Via libera della Camera alla norma che introduce la responsabilità civile dei magistrati. L’Aula di Montecitorio ha approvato un emendamento in questo senso del leghista Gianluca Pini alla legge comunitaria. I voti a favore sono stati 264, 211 i contrari. Un deputato si è astenuto. Il voto è stato segreto.
Il governo così è battuto sull’emendamento del leghista Gianluca Pini. Il testo dovrà ora passare all’esame del Senato.
Anche il ministro della Giustizia Paola Severino è stato contrariato: “Il Parlamento ha votato ed è sovrano, ma confidiamo che in seconda lettura si possa discutere qualche miglioramento perchè interventi spot su questa materia possono rendere poco armonioso il quadro complessivo”. “Ci sarà una seconda fase”, aggiunge. L’auspicio è che “ci siano gli spazi per un’ulteriore riflessione sul tema, per riaprire il dialogo e verificare se vi siano soluzioni diverse. Se l’emendamento si fosse limitato ad avere come unico oggetto il contenuto della sentenza comunitaria, la posizione del governo penso sarebbe stata quella di presentare un proprio emendamento avente quell’oggetto”. Ma il testo andava “oltre i contenuti della sentenza comunitaria ed era doveroso far presente che vi fosse della materia estranea”. Era un dovere “ineludibile” del governo che oggi ha dato, conformemente al relatore, parere contrario alla proposta della Lega.
Luca Palamara e Giuseppe Cascini, presidente e segretario dell’Associazione nazionale magistrati, parlano di “una forma intimidatoria e di vendetta verso il libero esercizio della funzione di giudice”, nonché di “un ennesimo tentativo di risentimento e di ritorsione” nei confronti della magistratura. “E’ una norma incostituzionale – rileva Cascini – in contrasto con i principi più volte affermati dalla Corte di Giustizia europea”, una “mostruosità giuridica”che il Senato dovrà cancellare.

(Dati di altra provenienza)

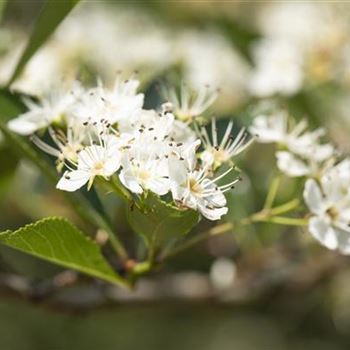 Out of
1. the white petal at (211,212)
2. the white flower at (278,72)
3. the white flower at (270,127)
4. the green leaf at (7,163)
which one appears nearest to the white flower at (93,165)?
the white petal at (211,212)

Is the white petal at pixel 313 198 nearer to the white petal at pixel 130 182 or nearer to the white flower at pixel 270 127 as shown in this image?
the white flower at pixel 270 127

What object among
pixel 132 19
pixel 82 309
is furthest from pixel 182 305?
pixel 132 19

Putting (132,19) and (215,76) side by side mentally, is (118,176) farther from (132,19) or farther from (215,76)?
(132,19)

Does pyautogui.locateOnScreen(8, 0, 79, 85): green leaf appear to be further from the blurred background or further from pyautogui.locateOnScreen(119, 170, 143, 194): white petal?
pyautogui.locateOnScreen(119, 170, 143, 194): white petal

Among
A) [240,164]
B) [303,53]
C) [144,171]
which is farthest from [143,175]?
[303,53]

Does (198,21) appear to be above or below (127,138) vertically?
below

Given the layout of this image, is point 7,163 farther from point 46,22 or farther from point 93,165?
point 93,165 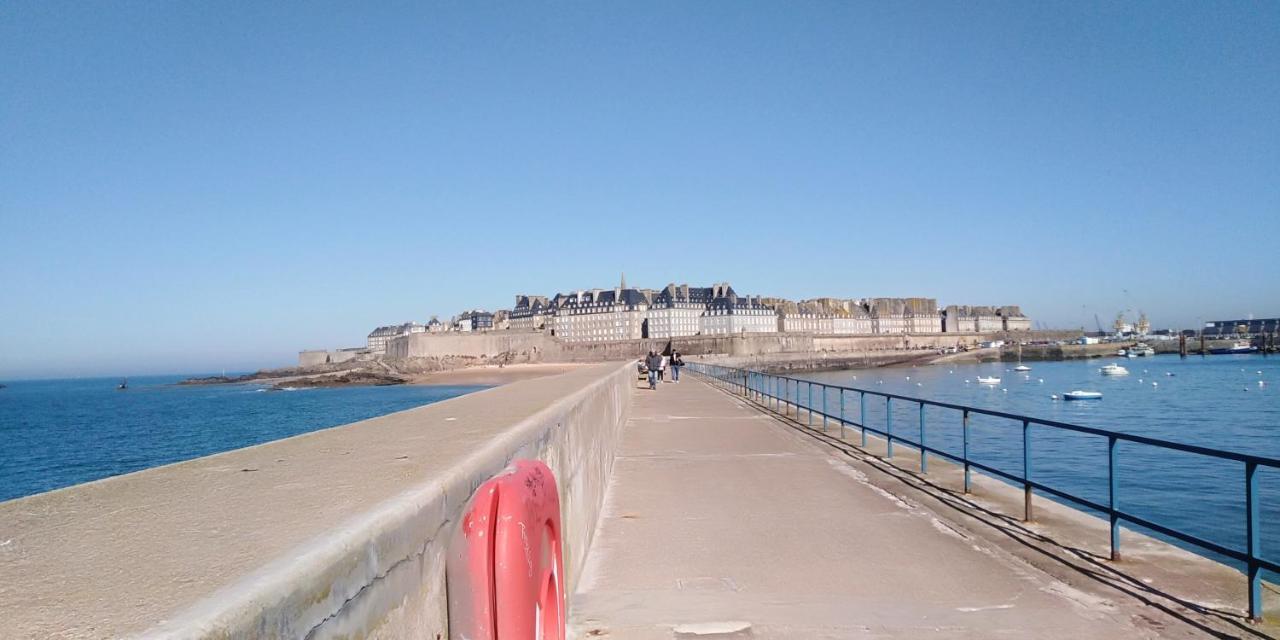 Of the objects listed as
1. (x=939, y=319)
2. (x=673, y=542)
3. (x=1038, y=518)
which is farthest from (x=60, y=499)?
(x=939, y=319)

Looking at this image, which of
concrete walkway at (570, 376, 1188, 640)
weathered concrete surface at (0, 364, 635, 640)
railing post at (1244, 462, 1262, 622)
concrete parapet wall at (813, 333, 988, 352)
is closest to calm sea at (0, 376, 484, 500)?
concrete walkway at (570, 376, 1188, 640)

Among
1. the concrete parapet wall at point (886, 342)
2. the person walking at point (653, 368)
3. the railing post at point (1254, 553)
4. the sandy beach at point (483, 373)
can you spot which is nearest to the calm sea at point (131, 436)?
the person walking at point (653, 368)

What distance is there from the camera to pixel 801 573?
6594 millimetres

Il testo rivede la legge del ’98 prevedendo che “chi ha subito un danno può agire contro il soggetto riconosciuto colpevole per ottenere il risarcimento dei danni patrimoniali e anche di quelli non patrimoniali che derivino da privazione della libertà personale. Costituisce dolo il carattere intenzionale della violazione del diritto”. Il testo stabilisce che “ai fini della determinazione dei casi in cui sussiste una violazione manifesta del diritto, deve essere valutato se il giudice abbia tenuto conto di tutti gli elementi che caratterizzano la controversia sottoposta al suo sindacato con particolare riferimento al grado di chiarezza e di precisione della norma violata, al carattere intenzionale della violazione, alla scusabilità o inescusabilità dell’errore di diritto”. Il costo è previsto di 2,45 milioni per il 2011 e 4,9 milioni a regime a decorrere da quest’anno.